Law school at American University in Washington was next. At graduation, Mitchell received multiple job offers, including some from Phoenix, one of the cities where GE Capital had sent him.
“I had really planned on staying in Washington and working there, but I was just kind of drawn to Phoenix and came here with the thought that I’d try it out for a few years and in the worst case I’d come back to the East Coast to New York or D.C.,” he says.
No back-up plan was needed. Mitchell spent a few years practicing corporate law in Phoenix, got married and had the opportunity to settle into a long legal career. But as a lawyer, he was still a step away from the right job.
“I looked at that career horizon and thought, ‘I don’t know if I ever see myself being a partner at a law firm.’ With my business background, I’m really more of an entrepreneur at heart.”
That realization led to another. Mitchell’s wife, Sherri, worked for a major national staffing firm. “We started looking at the business she was in and said, ‘This is a really great business,’” he recalls. Overcoming her initial reluctance to take on the risks of a start-up, they spent about a year planning. Then they quit their jobs and launched their own staffing and recruiting firm, All About People, in August 2002. It’s an end-to-end business, providing everything from temps to executive searches and related services like payroll and vendor management.

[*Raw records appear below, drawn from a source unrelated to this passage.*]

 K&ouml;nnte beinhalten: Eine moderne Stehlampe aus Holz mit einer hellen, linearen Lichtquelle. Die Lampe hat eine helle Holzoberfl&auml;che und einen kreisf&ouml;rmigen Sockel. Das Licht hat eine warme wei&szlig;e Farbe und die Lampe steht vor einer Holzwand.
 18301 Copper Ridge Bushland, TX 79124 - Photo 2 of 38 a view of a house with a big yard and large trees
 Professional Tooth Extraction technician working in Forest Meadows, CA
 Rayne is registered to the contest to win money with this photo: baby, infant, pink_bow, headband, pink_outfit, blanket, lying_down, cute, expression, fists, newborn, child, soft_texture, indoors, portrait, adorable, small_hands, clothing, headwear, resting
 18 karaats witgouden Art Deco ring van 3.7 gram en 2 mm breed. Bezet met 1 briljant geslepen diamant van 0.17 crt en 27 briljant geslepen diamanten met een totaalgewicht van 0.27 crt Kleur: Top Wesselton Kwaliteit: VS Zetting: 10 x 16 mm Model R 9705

It didn’t take long to see that the Mitchells had found the right direction. In their first year, they did $3 million in business. By the third year, they were up to $17 million. Soon they were on Inc. magazine’s list of the fastest growing companies in the country.
The business has prospered all through its first 13 years. When the recession hit, half of the companies in the staffing and recruiting industry went out of business, Mitchell says. All About People had some lean years but didn’t lay off a single employee.
With that success came a typical fork in the road for growing start-ups: Expand into other markets or merge with another company.
As a former mergers-and-acquisitions lawyer, Mitchell knew he didn’t want a merger. Integrating company cultures is difficult, and the culture the Mitchells have created is a key to both their success and their happiness.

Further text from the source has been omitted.